Sementara itu, pengamat komunikasi politik Kunto Adi Wibowo berpendapat seharusnya Jokowi menunda kegiatan blusukan dan lebih fokus untuk menekan angka kasus COVID-19 yang saat ini terus meningkat. "Mungkin ditahan dululah hobinya ini," kata Kunto.
Lebih lanjut, ia mengatakan jika tujuan Jokowi blusukan demi membangun resiliensi (kemampuan beradaptasi dan tetap teguh dalam situasi sulit) di zona hijau, hal tersebut tidak akan berpengaruh jika tidak ada program berkelanjutan setelah adanya kunjungan. Justru Jokowi lebih baik memperhatikan daerah yang berstatus zona merah. "Tidak hanya ke daerah-daerah yang sudah hijau tetapi juga daerah-daerah merah, ini yang harus mendapatkan perhatian intens lagi," ujarnya.
Lalu dari sisi kesehatan, seharusnya Jokowi bisa meminta masukan pada Menteri Kesehatan Terawan Agus Putranto terkait blusukan tersebut. Dia menilai blusukan sangat berisiko. "Berisiko bagi Presiden Jokowi sendiri," ungkap Kunto.
Seharusnya Jokowi memberikan contoh untuk mengurangi berpergian di tengah pandemi COVID-19. Hal tersebut bertujuan untuk mencegah penularan COVID-19. "Seharusnya Pak Jokowi memberikan contoh yang baik, terutama krisis kita kan krisis kesehatan, bukan hanya krisis ekonomi gitu, jadi kita coba sembuhkan penyakitnya dulu baru akibatnya kita tangani," paparnya.

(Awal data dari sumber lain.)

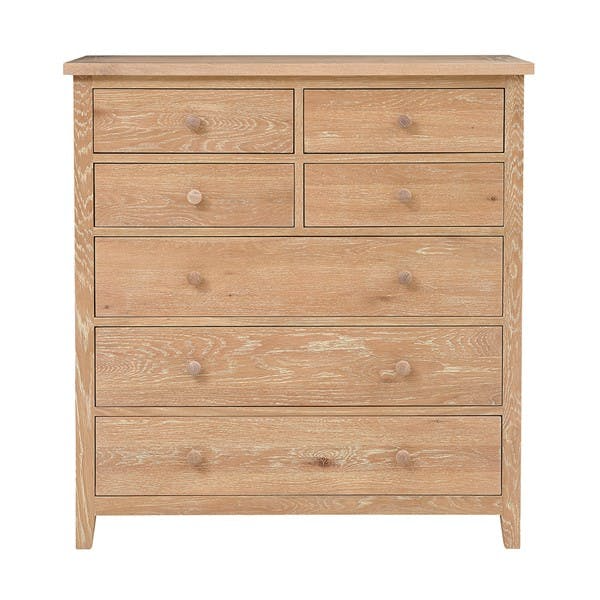Inglesham Whitewash Oak 7 Drawer Chest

Blusukan sendiri menurut Kunto bukan satu-satunya cara untuk meningkatkan kepercayaan. Tetapi dengan komitmen, Jokowi kata dia sudah menunjukan cintanya pada rakyat. "Terlebih lagi membangun komunikasi yang baik di internal pemerintahan," katanya. "Jangan sampai pernyataan Jokowi dan para menterinya berbeda."